Bepalen van de schadevergoeding bij overlijden
Wanneer in het algemeen een onrechtmatige daad het overlijden van het slachtoffer tot gevolg heeft, dan hebben de nabestaanden uiteraard een recht op schadevergoeding. Deze schadevergoeding zal zowel een materiële als een morele component hebben. Niet alleen schade aan de nabestaanden wordt vergoed, ook de schade die veroorzaakt werd aan het slachtoffer bij leven (voor het overlijden) komt voor uitbetaling in aanmerking.

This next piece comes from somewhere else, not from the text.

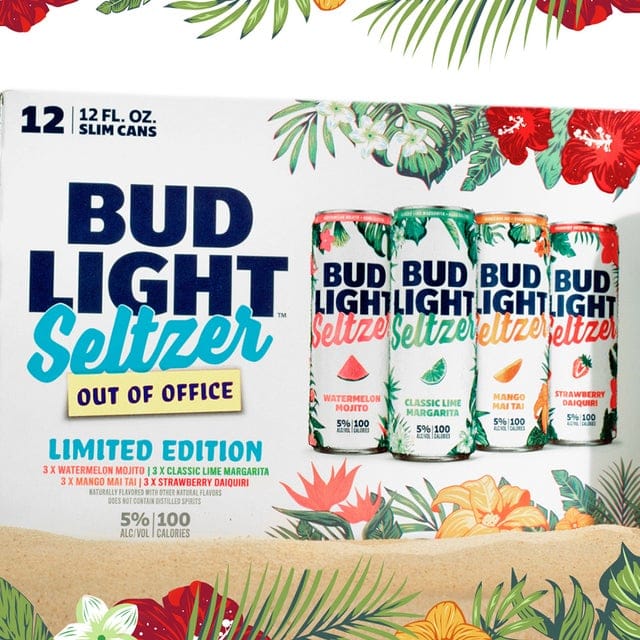 Bud Light Seltzer’s Out Of Office Variety Pack Proves Summer Isn’t Too Far Away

De indicatieve tabel geeft ons een opsomming van mogelijke schadeposten bij een overlijden. De volgende categorieën worden behandeld daarin:
4.Het overlijden
4.1. Begrafeniskosten
Deze kosten moeten door de aansprakelijke persoon terugbetaald worden.
4.2. Schade ex haerede
Deze omvat het geheel van de vermengde morele en materiële schade die veroorzaakt werd aan het slachtoffer tussen het ongeval en het tijdstip van het overlijden. Daarbij is er ook specifiek aandacht voor het geval waarin het slachtoffer zich bewust is van zijn nakende overlijden.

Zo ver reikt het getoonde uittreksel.